In our database we have a table with a very large number of rows. Let's call it Table1. The greatest difficulty for us is a COUNT query to this table with some conditions (see example below):
Query1
SELECT
count (*)
FROM
Table1
WHERE
Table1.field1 = 'something'
AND Table1.field2 = 'something'
AND Table1.field3 = 'something'
..
In our application this query can occure with any number and any combination of conditions so we cannot use any index to somehow speed up this query so a simple sequence scan is being used (actually parallel sequence scan).
The feature of Table1 is as follows: new lines in it change very often and old ones almost never change (lets assume that the lines that often change is lines that created 'today' and the lines that almost never change is lines that created 'not today').

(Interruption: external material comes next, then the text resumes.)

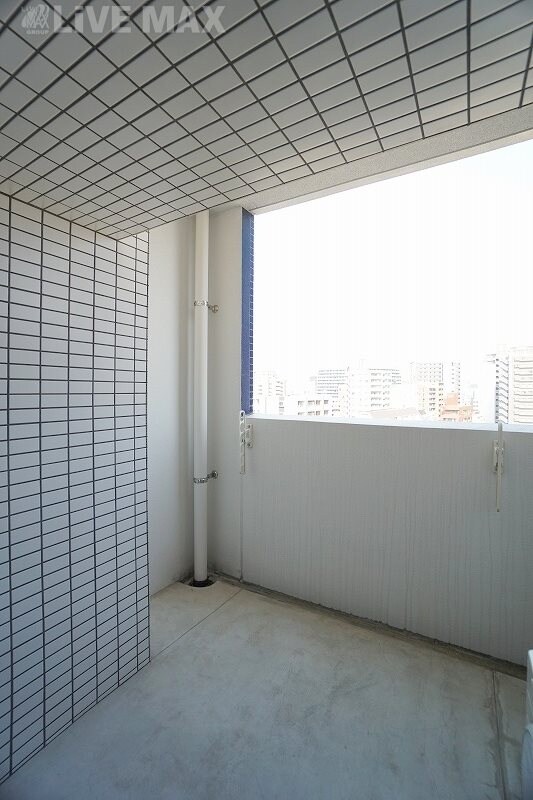 物件内観写真11　(落ち着いた時間を過ごせるバルコニーです)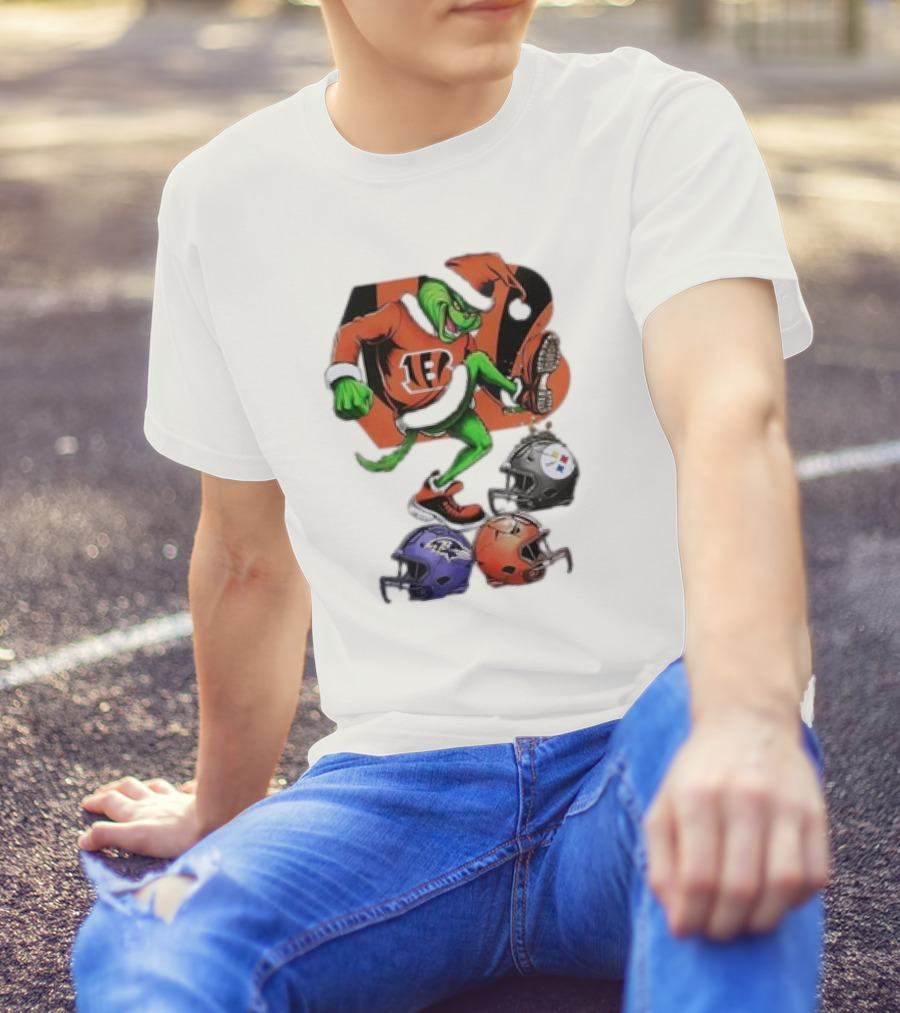 Christmas Grinch Cincinnati Bengals Stomp Ravens Browns Steelers NFL Helmets T-Shirt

Because of this feature, the following idea emerged: if in our application occurs the need of execution of a Query1 (see above), we can actually not execute Query1, but instead we can execute 2 queries (see below): one for new rows (Query2) and one for old rows (Query3) and further we can summarized the results of these two queries to get total COUNT result. And to speed up overall performance we can perform Caching the results of query for old rows (Query3). Yes, we should clear this cache when some UPDATE occure on old rows, but it happens very rare.
Query2
SELECT
count (*)
FROM
Table1
WHERE
Table1.field1 = 'something'
AND Table1.field2 = 'something'
AND Table1.field3 = 'something'
..
AND Table1.creation_date = 'today'
Query3
SELECT
count (*)
FROM
Table1
WHERE
Table1.field1 = 'something'
AND Table1.field2 = 'something'
AND Table1.field3 = 'something'
..
AND Table1.creation_date != 'today'
So the question is:
Is this a good idea and it can speed up performance or it is a bad idea and it is better not even consider this approach?